To make this work, I need h.264 or possibly h.265 video and aac or AC-3 audio in an mp4 or m4v container and any subtitles need to be burned into the video, and since the average anime release these days is something like “AV1 video and opus-encoded audio with seven different subtitle languages”, this typically means loading up a folder of files in Handbrake and manually choosing language and subtitle options for every episode before pushing the “start queue” button and walking away.
(Yes, technically I could run VLC or DS video on the ATV, but then I wouldn’t see content I had purchased from iTunes in the same place as the less-reputable content)
And, I mean, manually processing a folder of video files in Handbrake works. It’s a really solid encoder and I have been using it for years. It’s pretty much muscle memory by this point.
On the other hand, my workflow here is a bit labor-intensive. There’s a lot of setting options on a per-episode basis and real potential for human error on my part. It would be better if I could throw the whole folder at the CLI version of Handbrake, like this, and this DOES work – but it’s quite fragile. It always uses the first audio track and first subtitle track:
#!/bin/bash
mkdir out
for filename in *.mkv
do
filenamenoext=${filename%.*}
handbrakecli -i "$filenamenoext".mkv -o out/"$filenamenoext".mp4 -Z "Apple 1080p60 Surround" --subtitle 1 --subtitle-burned --crop-mode none
done
(As always, my scripts come with no guarantees.

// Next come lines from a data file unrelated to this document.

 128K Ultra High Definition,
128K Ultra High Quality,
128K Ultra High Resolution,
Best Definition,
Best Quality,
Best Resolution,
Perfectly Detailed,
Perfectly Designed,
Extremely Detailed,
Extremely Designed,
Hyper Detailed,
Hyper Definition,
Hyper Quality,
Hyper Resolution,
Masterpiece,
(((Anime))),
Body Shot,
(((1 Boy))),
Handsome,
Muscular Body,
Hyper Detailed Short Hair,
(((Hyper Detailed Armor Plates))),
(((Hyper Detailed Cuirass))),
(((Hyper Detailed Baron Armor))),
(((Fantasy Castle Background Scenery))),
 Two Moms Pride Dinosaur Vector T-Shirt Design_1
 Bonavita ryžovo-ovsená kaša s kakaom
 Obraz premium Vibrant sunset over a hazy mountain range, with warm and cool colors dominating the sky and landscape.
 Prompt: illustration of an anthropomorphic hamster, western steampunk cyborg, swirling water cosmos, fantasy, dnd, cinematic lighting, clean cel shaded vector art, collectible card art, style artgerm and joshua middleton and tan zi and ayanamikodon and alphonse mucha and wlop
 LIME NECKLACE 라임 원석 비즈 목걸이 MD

Use at own risk)
For those cases where you have video files and external srt-format subs, and assuming that the srt files are in the same folder and have the same name as the video files, you can use something like this:
handbrakecli -i "$filenamenoext".mkv --srt-file "$filenamenoext".srt -o out/"$filenamenoext".mp4 -Z "Apple 1080p60 Surround" --subtitle 1 --subtitle-burned --crop-mode none
As a side note, I’m using the “Apple 1080p60 Surround” preset here because it gives me a highly-compatible video file and does it reasonably quickly. Using the “Apple 2160p60 4K HEVC Surround” preset would give me a file that is consistently at least 30% smaller but also takes four times as long to encode.
So, in order to get good output from simple conversion script like this, I need to make sure that the input is good. That is to say, it needs an mkv file where the first audio and subtitle tracks are the ones I want… which is not often the case. It’s very common for mkv files to have the first audio track be the English dub and the first subtitle track be the “Signs and Songs” subtitle track.

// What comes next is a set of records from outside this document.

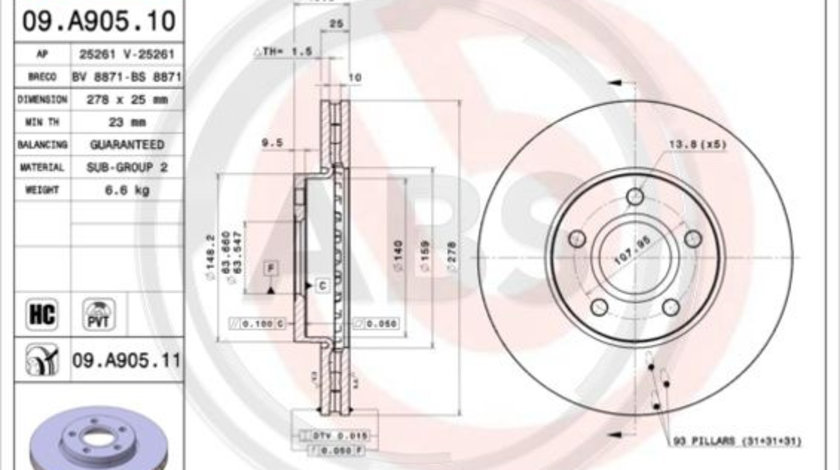 Disc frana punte fata (09A90511 ABS) FORD,FORD AUSTRALIA,VOLVO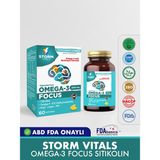Storm Omega Focus Sitikolin Complex 60 Softjel Yüksek Kalitede Omega-3 ve B12 İçeren Besin Takviyesi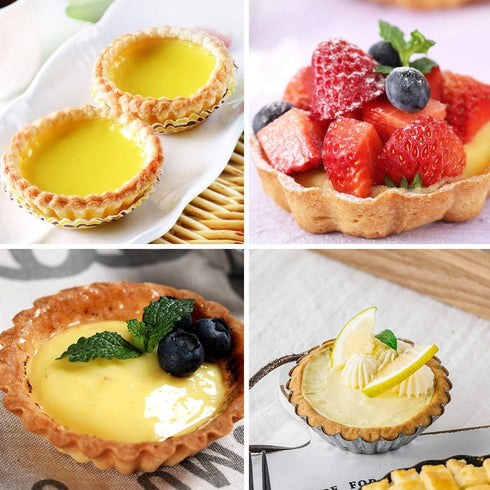 DaKuan 12 Packs Egg Tart Mold, Cupcake Cake Muffin Mold Mini Pie Pans Tin Pan Baking Tool, Carbon Steel- 2.6 Inch...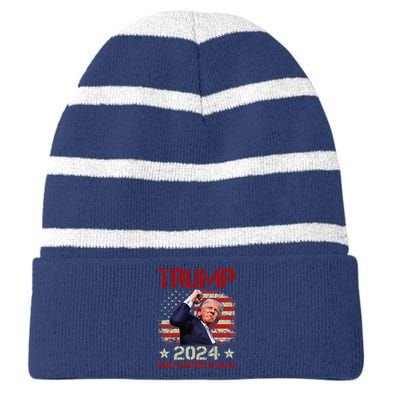 Trump Fist Pump Shot At Trump 2024 Trump Survives Rally Striped Beanie with Solid Band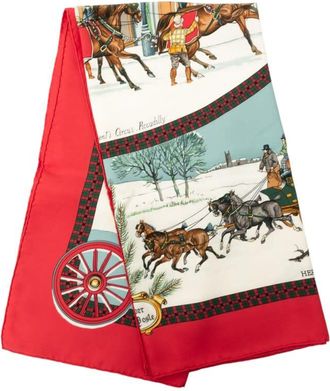 Herm&egrave;s Pre-owned Hermes L Hiver en Poste Silk Scarf 90 Ladies LJZ8KQQ77EXANX3R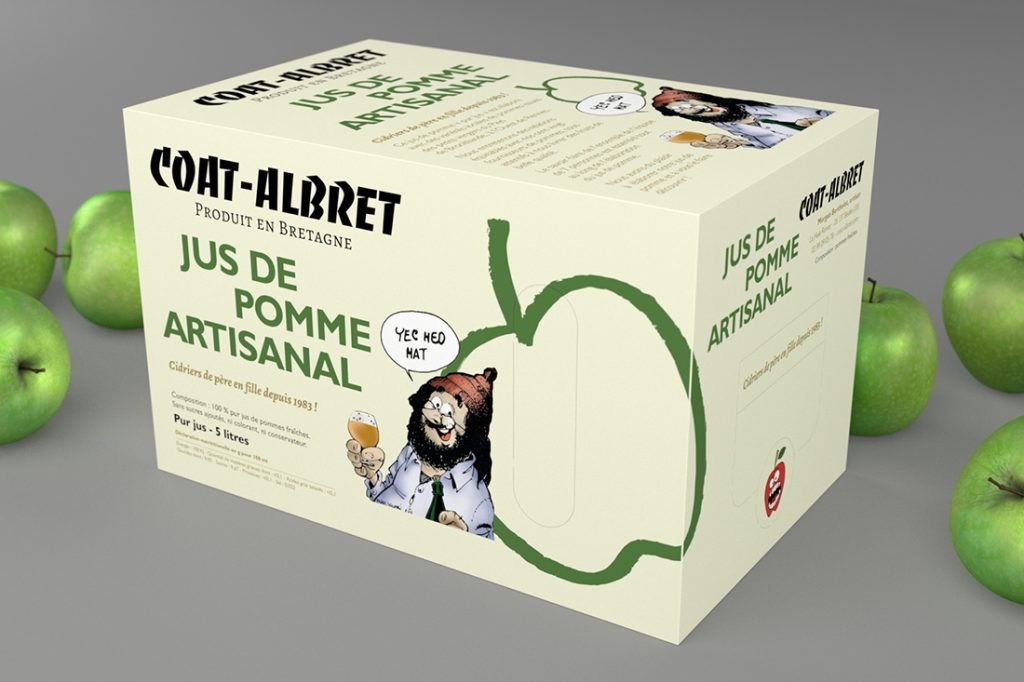 Packaging cubi jus de pomme artisanal Coat-Albret, design graphique, graphiste freelance Paris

I had a very judgmental comment here about dub fans, but I have omitted it in the interest of world peace.
I have, however, been lazy enough to not really delve into this too much.
Recently, however, I was presented with an interesting set of video files that had Japanese, Spanish, and Catalan dubs, along with several different English and non-English subtitle options, and this got me interested in digging into how ffmpeg can work with content streams – based on the metadata associated with the streams, rather than just their index in the file.

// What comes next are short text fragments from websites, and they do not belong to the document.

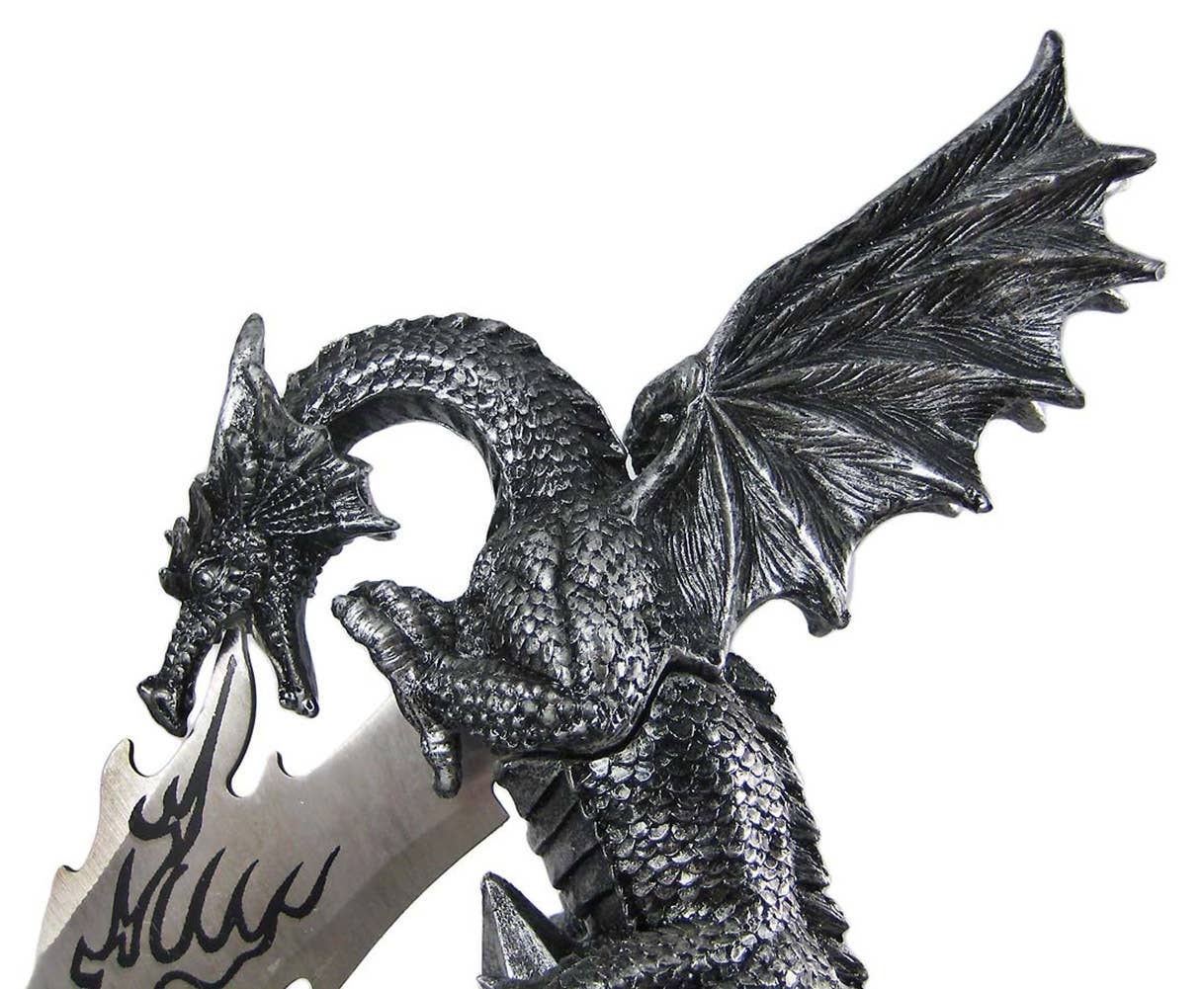 Zeckos - Wholesale Decorative Tabletop Object - Wicked Fire Dragon Fantasy Dagger and Holder2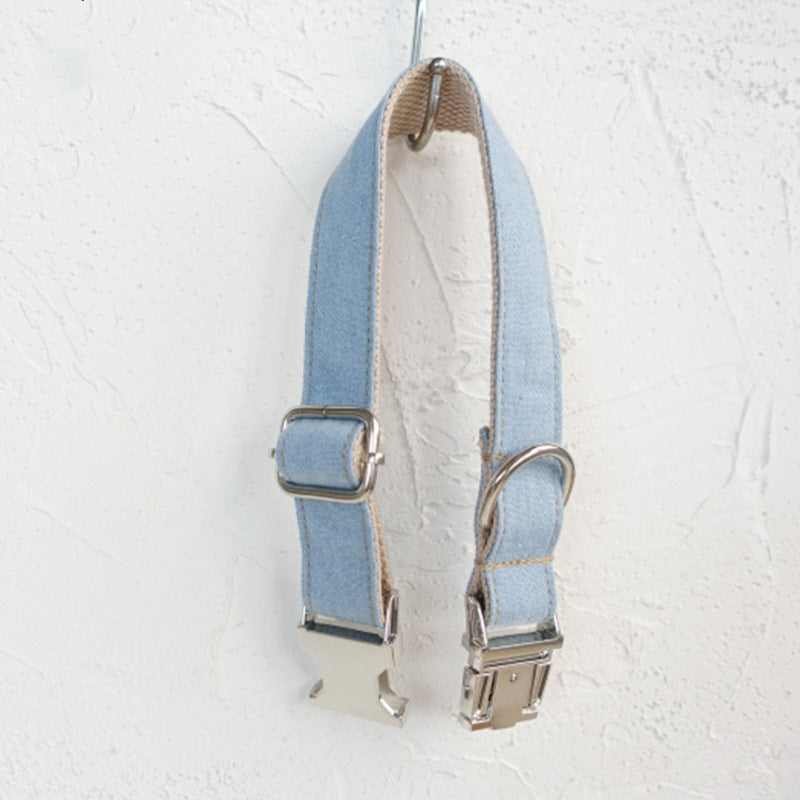 Blue Denim Pet Leash With Ring For Secure Walking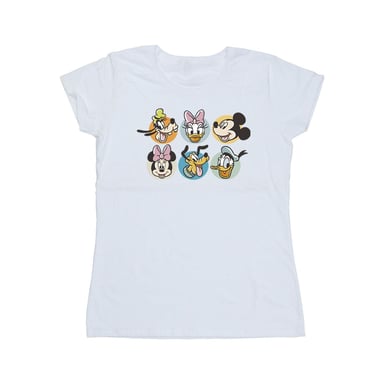 Disney Womens/Ladies Mickey Mouse And Friends Faces Cotton T-Shirt (White)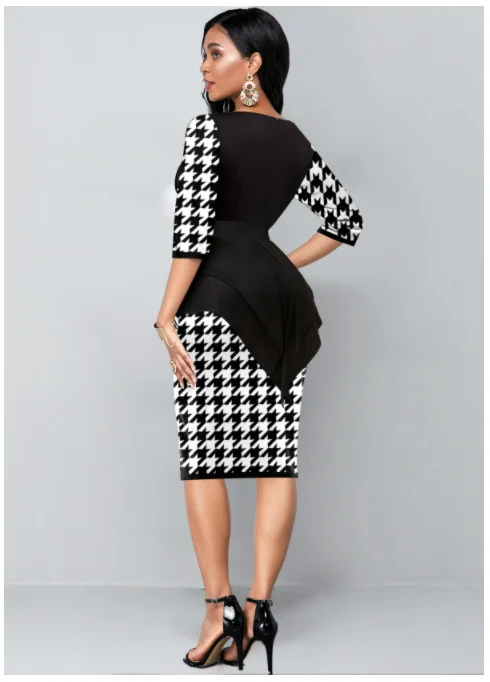 Office Winter Houndstooth Print Black Faux Two Piece Dress - Buy Two ...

My first attempt looked something like this:
ffmpeg -i infile.mkv -codec:a:m:title:Japanese copy -vcodec copy -codec:s:m:title:English copy outfile.mkv
This actually worked quite well. It produced an output file with the original video, the Japanese audio track, and only those subtitle tracks with a title of “English”. I didn’t realize at this point that the “title” metadata was separate from the “language” metadata, so the only reason this was working was because my command matched the titles for these audio and subtitle tracks.
What didn’t work well is that mkv files can have attached fonts, and this command doesn’t copy the fonts. So the subtitles that referenced the fonts in the original mkv file just rendered in the default Handbrake font. This needed tweaking.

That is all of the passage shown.